Swish-e portable

Swish-e is an indexing machine, very fast and friendly, I like it much.

It is a long time, I decided to make a digital library (not a real one, but something as a personal collection). It was not made only for me, but also for my university colleagues. It consists of Xitami webserver, Swish-e, Perl and some other programs. It is a quite independent application, made for Windows; can both index and search your local files (you need virtually nothing to have them indexed), and more, it is portable - you may carry your library on CD with you (the one that I have in my buggage contains 500 MB of texts).

You may download the files from the section below. Simply unzip, run start.exe, and see what it dows. If you want to understand it closer, and I guess that someone might want it, there comes a detailed description of the Swish-eX parts:

Installation

Swish-eX without filters is in the sx-base.zip file, it contains Xitami Lite v2.4, Swish-e v2.3, and Autoswish. Everything is preconfigured.

If you want filters for pdf, doc, rtf as well, download sx-filters.zip and place the whole unzipped directory inside swish-e dir of existing Swish-eX installation. Calling filters from AutoSwish is possible with these instructions: (in a configuration file, see /swish-e/conf/common.config)

FileFilter .pdf '../perl/bin/perl ./filter/pdf2html.pl' '"%P"'
FileFilter .doc '../perl/bin/perl ./filter/antiword.pl' '"%P"'
FileFilter .rtf '../perl/bin/perl ./filter/rtf2htm.pl' '"%P"'

AutoSwish is inside autoswish.zip and I believe it is easier to configure than to original script
Place it in cgi-bin directory of your webserver and edit config.pl

Swish-e search engine and its container Xitami


Swish-e is an open-source program. You can download it from http://swish-e.org. There are many ports of it, we use window's one - here, in Swish-eX, there is version 2.3 If you want the newest, dowload it and place in the swish-e directory - only *.exe and *.dll are necessary.

If you have no experience with swish-e, Autoswish might help you start, but I would recommend reading documentation and developing your own configurations - you will see that the acronym of Swish-e is truthful.

Note. If you intend to use Swish-e for searching indexes on CD, it is generally better to set the minimum length of an word higher then default (The default is 1). e.g.

MinWordLimit 3


Xitami webserver is published under General Public Licence too. You may get it from http://ww.xitami.com - read its documentation, you will find that some features of Xitami were disabled here.

Xitami is started via x.bat - so you can add you own instructions there.

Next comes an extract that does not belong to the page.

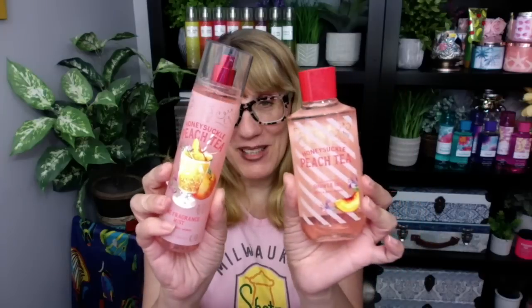Happy Thursday! I'm late today — it's almost two o'clock — but I have a good review for you. Day four of the semi-annual sale: Honeysuckle Peach Tea.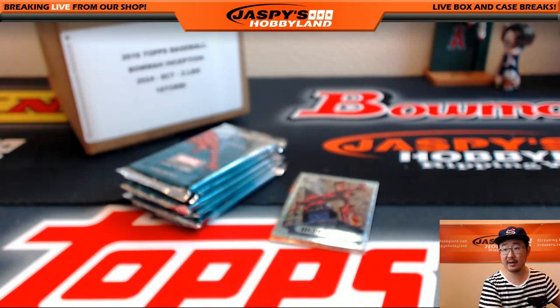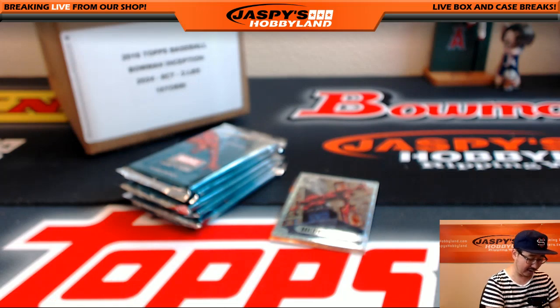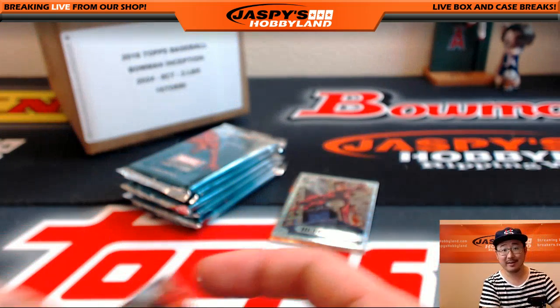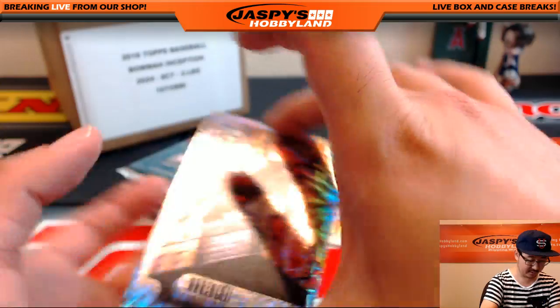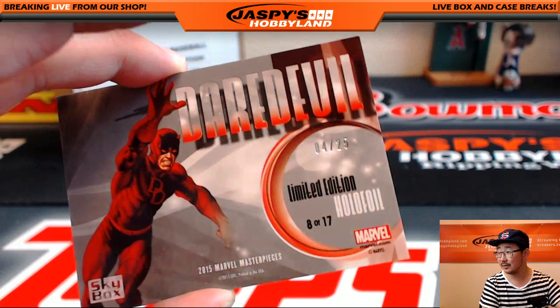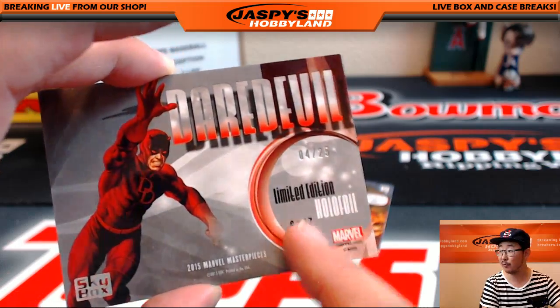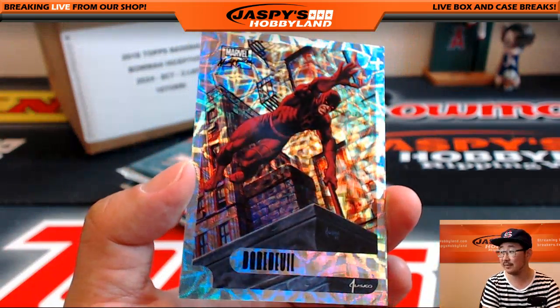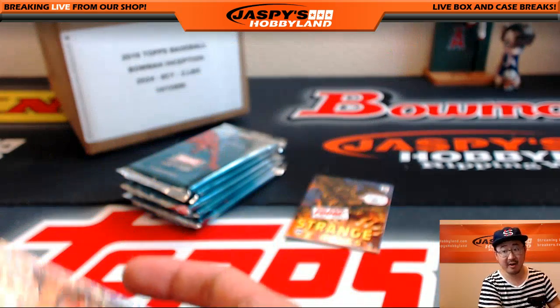Todd asking if I pulled a 1992 Joe Jusko buyback autograph — I have not. Not yet, anyway. Nice Daredevil. That's numbered 4 out of 25. So there's 17 of these hollow foils in the set, some of them are numbered. That's 4 out of 25. Very, very nice.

Perl - Perl, again, is open source (you may get it e.g. from http://www.perl.com. Only a small and core part of it is provided with Swish-eX - necessary modules for searching and running of filters. But if something doesn't work as expected, please, consult cgierr.log. I have little experience with the portability of Perl, but till this time, Swish-eX worked everywhere; yet it is probable that if you want to add some new features and need some another perl files, you will need to install Perl and takes everything necessary from there, not just the missing modules.

Autoswish - web interface for Swish-e

Converting filters for indexing pdf, doc, rtf


Swish-e uses filters to index non-text files. Here you can find programs for three most common types
  • Antiword - for MSWord documents, I am very content with it - however, you may want to change the output encoding - look at antiword.pl
  • Pdftotext - excellent for pdf
  • PHP and rtftohtml - yes, you are reading right. I am using PHP, because I could not find any filter that can process RTF documents in other encoding than iso-8859-1. If you know about one, please, spread a word.

Output will be in ISO 8859-2 encoding, if your documents need something else, change the configuration of each program.

Swish-eX - is responsible for initial configuration of Xitami, Swish-e cgi scripts and makes possible searching from CD

swish-ex
  • When you download the package, unzip it and click on start.exe this will happen:
    You may choose from the two options - either start, or install
      start
      1. If the working directory is writable, Swish-eX will assume that everything is ready and nothing needs to be changed. It will start the program called xstart2.exe - this one will start x.bat, finds out the address and the port where Xitami runs and after that, it will open your browser and point it to http://adress:port/default.htm.

        Therefore, in order to have working collection you must adher to some rules - the first is : use relative paths. If you set everything correctly and your application is running on your HDD with relative paths, it should be running elsewhere, no matter what disk is used. And that is why Swish-eX will not change anything at the startup (Look inside cgi-bin directory at the first line of cgi scripts and also at the configuration files in the passw directory for examples.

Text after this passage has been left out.